------ DATA FOR REVIEW ------

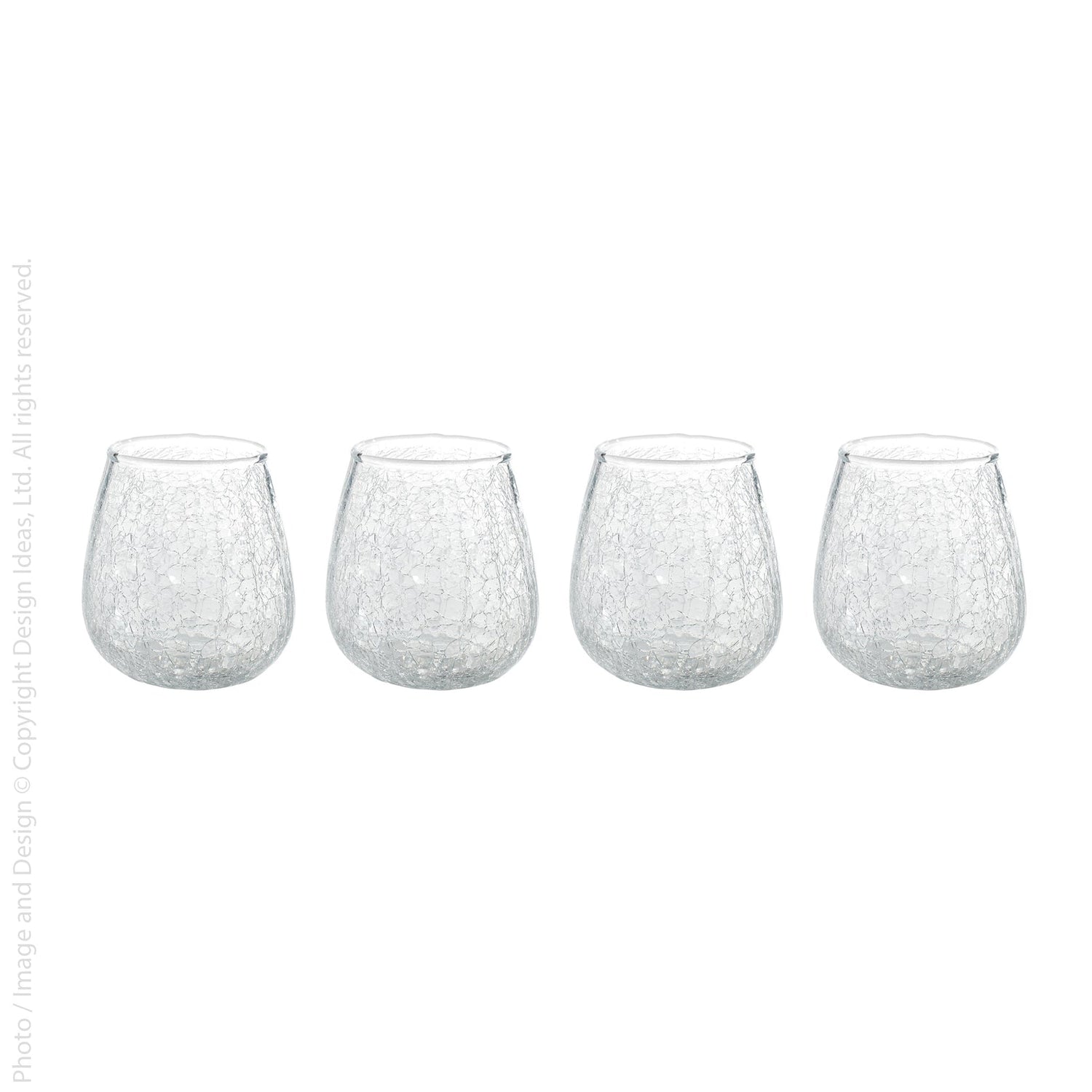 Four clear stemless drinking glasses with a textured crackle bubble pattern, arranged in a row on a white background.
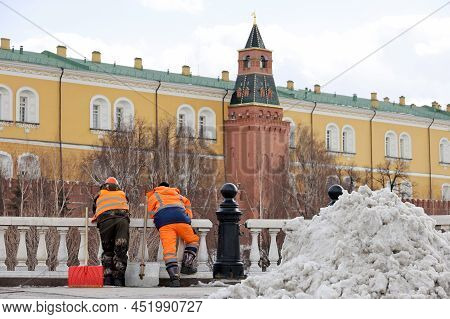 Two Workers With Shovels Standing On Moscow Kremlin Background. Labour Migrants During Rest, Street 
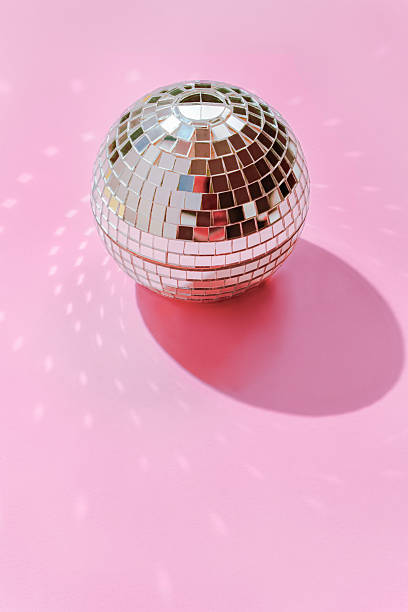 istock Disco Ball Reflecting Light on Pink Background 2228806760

------
------ DATA FOR REVIEW ------

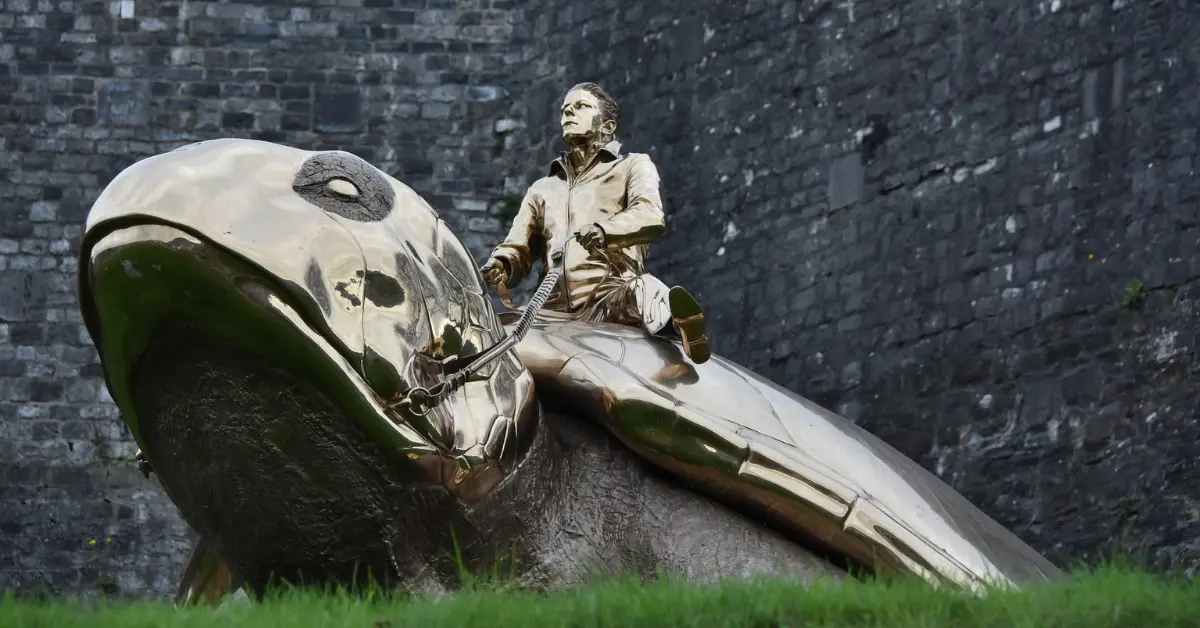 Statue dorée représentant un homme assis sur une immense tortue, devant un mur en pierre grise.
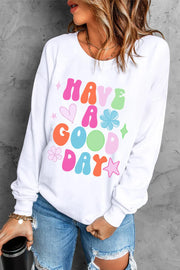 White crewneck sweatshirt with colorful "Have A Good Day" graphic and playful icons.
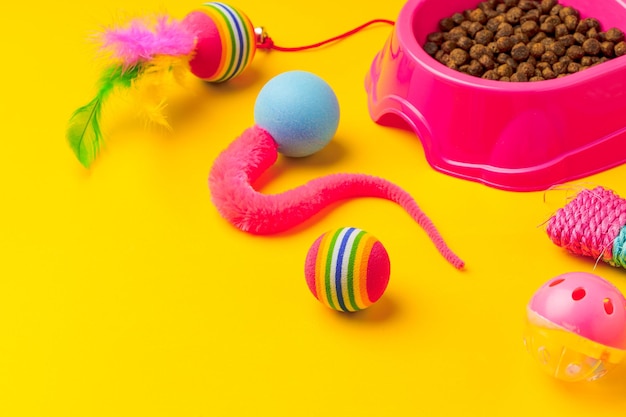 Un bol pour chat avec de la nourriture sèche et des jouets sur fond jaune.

------

WHAT THE TASK ASKS
Write out again exactly the lines above from the one with "Four clear stemless" through the one with "istock Disco Ball", adding no other lines and no pictures.

RESULT OF THIS TASK
 Four clear stemless drinking glasses with a textured crackle bubble pattern, arranged in a row on a white background.
 Two Workers With Shovels Standing On Moscow Kremlin Background. Labour Migrants During Rest, Street 
 istock Disco Ball Reflecting Light on Pink Background 2228806760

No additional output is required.